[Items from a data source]
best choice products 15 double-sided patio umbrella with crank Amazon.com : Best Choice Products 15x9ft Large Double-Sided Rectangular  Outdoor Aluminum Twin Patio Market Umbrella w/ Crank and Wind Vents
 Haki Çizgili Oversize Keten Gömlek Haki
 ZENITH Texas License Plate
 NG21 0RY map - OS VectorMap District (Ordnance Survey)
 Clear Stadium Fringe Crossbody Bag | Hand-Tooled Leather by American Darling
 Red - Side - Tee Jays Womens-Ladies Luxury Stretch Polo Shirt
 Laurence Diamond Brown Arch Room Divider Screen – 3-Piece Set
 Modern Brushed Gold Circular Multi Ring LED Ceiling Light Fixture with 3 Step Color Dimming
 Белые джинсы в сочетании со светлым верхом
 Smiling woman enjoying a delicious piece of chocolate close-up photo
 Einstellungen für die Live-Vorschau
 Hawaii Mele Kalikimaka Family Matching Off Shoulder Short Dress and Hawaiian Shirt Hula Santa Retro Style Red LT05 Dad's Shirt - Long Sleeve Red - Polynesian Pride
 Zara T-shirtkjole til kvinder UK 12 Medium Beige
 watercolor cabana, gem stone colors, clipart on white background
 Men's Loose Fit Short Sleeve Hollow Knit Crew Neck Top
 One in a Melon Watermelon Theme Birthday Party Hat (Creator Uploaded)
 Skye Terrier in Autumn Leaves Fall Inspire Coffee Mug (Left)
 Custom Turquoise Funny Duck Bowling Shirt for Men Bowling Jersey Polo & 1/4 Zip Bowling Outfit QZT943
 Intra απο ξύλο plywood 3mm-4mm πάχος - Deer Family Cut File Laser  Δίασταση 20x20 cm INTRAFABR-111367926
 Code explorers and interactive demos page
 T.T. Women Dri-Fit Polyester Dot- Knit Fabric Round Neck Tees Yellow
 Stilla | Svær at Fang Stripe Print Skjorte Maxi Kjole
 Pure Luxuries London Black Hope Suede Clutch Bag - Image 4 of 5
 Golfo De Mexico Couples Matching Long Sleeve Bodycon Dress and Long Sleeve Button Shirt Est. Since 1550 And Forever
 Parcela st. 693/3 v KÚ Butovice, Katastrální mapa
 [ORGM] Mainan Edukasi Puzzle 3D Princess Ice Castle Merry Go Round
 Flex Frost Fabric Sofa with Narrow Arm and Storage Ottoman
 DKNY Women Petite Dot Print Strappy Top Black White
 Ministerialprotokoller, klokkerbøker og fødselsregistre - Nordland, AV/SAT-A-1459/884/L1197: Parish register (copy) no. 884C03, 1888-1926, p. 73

WHAT YOU SHOULD DO
Starting with the first line of the entries and ending with the line that has "Clear Stadium Fringe", copy each line exactly and add nothing.

REPLY TO THE EXERCISE
best choice products 15 double-sided patio umbrella with crank Amazon.com : Best Choice Products 15x9ft Large Double-Sided Rectangular  Outdoor Aluminum Twin Patio Market Umbrella w/ Crank and Wind Vents
 Haki Çizgili Oversize Keten Gömlek Haki
 ZENITH Texas License Plate
 NG21 0RY map - OS VectorMap District (Ordnance Survey)
 Clear Stadium Fringe Crossbody Bag | Hand-Tooled Leather by American Darling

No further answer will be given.